Case-Shiller Shows Home Prices Still Falling but More Slowly

Home prices are continuing their descent in 2012, reaching a 10-year low in February, according to the S&P/Case-Shiller Index, while new home sales also fell in March, the Census Bureau reported. But the annual rate of decline in home prices showed modest improvement from January, hinting that prices may be beginning to stabilize. And new home sales remained well above 2011's estimates.

In a 20-city composite, home prices for February 2012 fell 3.5 percent annually, a slight improvement from January's 4.1 percent annual decline, the Case-Shiller index shows. Fifteen of 20 metro areas posted better annual returns than in January. New home sales in March 2012 fell 7.1 percent below a revised February 2012 rate of 353,000 to 328,000, but still were 7.5 percent above the March 2011 estimate of 305,000.

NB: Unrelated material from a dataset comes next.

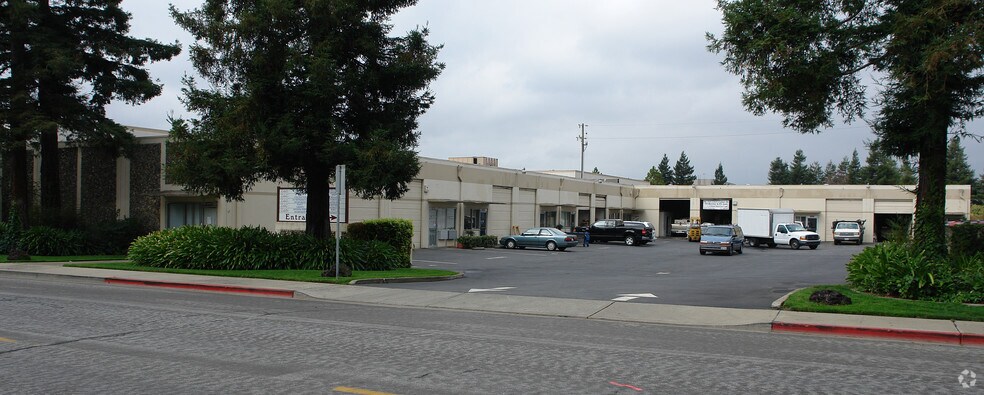 More Photos Of 33441-33459 Western Ave, Union City Warehouse For Lease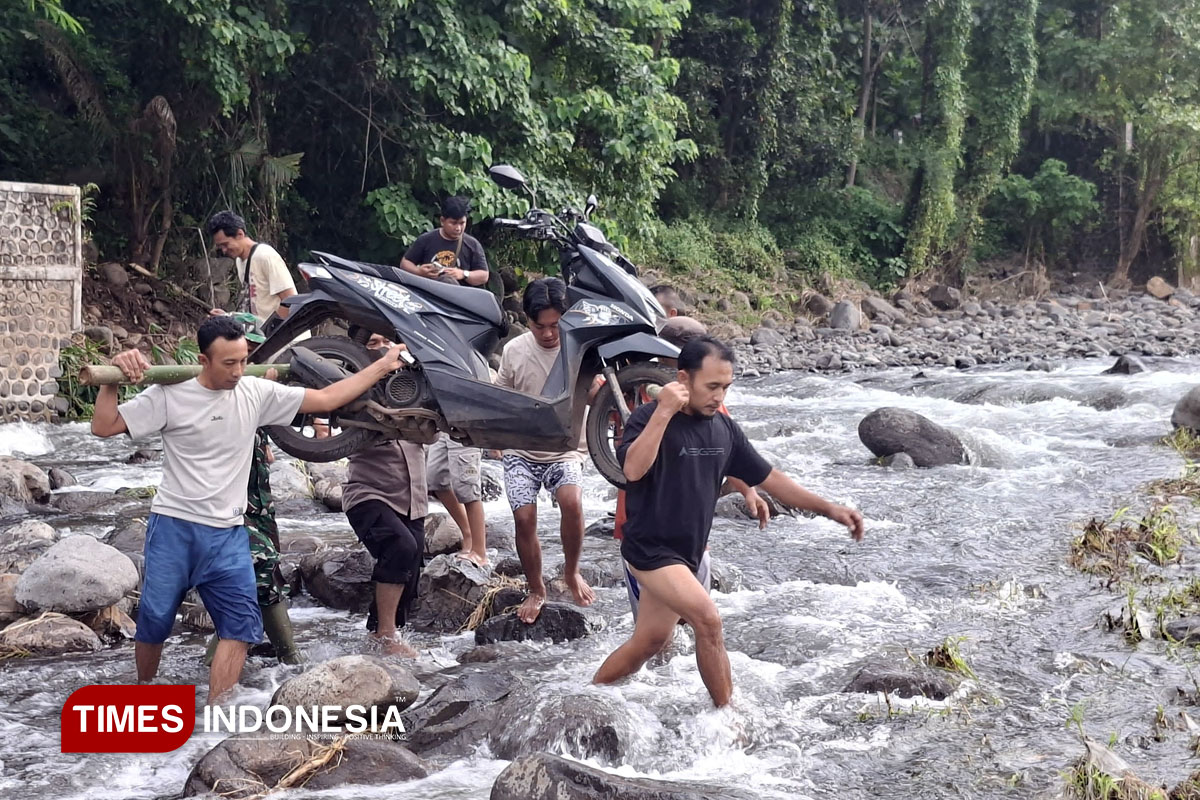 warga-angkat-motor-karena-akses-putus-pasca-bencana.jpg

"While there might be pieces of good news in this report [the Case Shiller Index], such as improvement in many annual rates of return, February 2012 data confirm that, broadly speaking, home prices continued to decline in the early months of the year," chairman of the index committee David M. Blitzer said in a statement.

A Hobbled Housing Market

Overall, the data continues to reflect a housing market that is slogging along to a slow recovery, as a glut of distressed properties, tight lending conditions and high unemployment continue to stifle the market.

"The bottom line is that builders in many markets are reporting more interest among prospective buyers, with the main sticking points for sales right now being access to credit for builders and buyers, and problems with obtaining accurate appraisals," National Association of Home Builders chairman Barry Rutenberg said in a statement that offered his take on the new home sale numbers.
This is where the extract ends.